Finding The Canonical Form Of Conic Section

Question

let $x^2-2xy+3y^2-4x+5y-6=0$, find the canonical form of conic section

I have came to $$(2+\sqrt{2})(x')^2+(2-\sqrt{2})(y')^2+\frac{1-4\sqrt{2}}{\sqrt{4+\sqrt{8}}}x'+\frac{1+4\sqrt{2}}{\sqrt{4-\sqrt{8}}}y'=6$$

How do I finish the process?

Answer 1

From the answer I see that the canonical form does not have any $x y$ terms.

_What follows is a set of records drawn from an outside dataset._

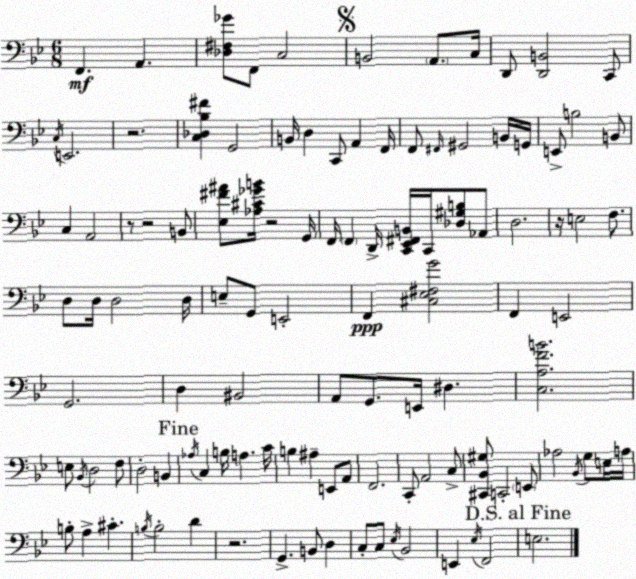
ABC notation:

X:1
T:Untitled
M:6/8
L:1/4
K:Bb
F,, A,, [_D,^F,_G]/2 F,,/2 C,2 B,,2 A,,/2 C,/4 D,,/2 [D,,B,,]2 C,,/2 C,/4 E,,2 z2 [C,_D,_B,^F] G,,2 B,,/4 D, C,,/2 A,, F,,/4 F,,/2 ^F,,/4 ^G,,2 B,,/4 G,,/4 E,,/2 B,2 B,,/2 C, A,,2 z/2 z2 B,,/2 [_E,^F^A]/2 [_A,^C_GB]/4 z2 G,,/4 F,,/4 F,, D,,/4 [C,,_E,,^F,,B,,]/4 C,,/4 [_D,^G,B,]/2 _A,,/2 D,2 z/4 E,2 F,/2 D,/2 D,/4 D,2 D,/4 E,/2 G,,/2 E,,2 F,, [^C,_E,^F,G]2 F,, E,,2 G,,2 D, ^B,,2 A,,/2 G,,/2 E,,/4 ^D, [C,A,FB]2 E,/2 _B,,/4 D,2 F,/2 D,2 B,, _A,/4 C, B,/4 A, C/4 B, ^A, E,,/2 A,,/2 F,,2 C,,/2 A,,2 C,/2 [^C,,_B,,^G,]/2 C,,2 E,,/2 _A,2 _B,,/4 G,/2 E,/4 A,/4 B,/2 A, ^C B,/4 B,2 D z2 G,, B,,/2 D, C,/2 C,/2 _E,/4 _B,,2 E,, _E,/4 F,,2 E,2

A conic section $ A x^2 + B y^2 + C x y + D x + E y + F =0$ can be expressed in rotated local coordinates $x'$ and $y'$ with $$\begin{align} x & = x' \cos \theta - y' \sin\theta \\ y & = x' \sin \theta + y' \cos\theta \end{align}$$

Use the above in the equation for the conic and set the coefficent of $x' y'$ to zero

$$ 2 C \cos^2 \theta + 2 (B-A) \sin \theta \cos\theta -C =0 $$ $$ C \cos(2\theta) + (B-A) \sin (2 \theta) = 0 $$ $$ \tan (2 \theta) = \frac{C}{A-B} $$ $$ \theta = \frac{1}{2} \tan^{-1} \left( \frac{C}{A-B} \right) $$

Now use this angle in the expression to get your final equation.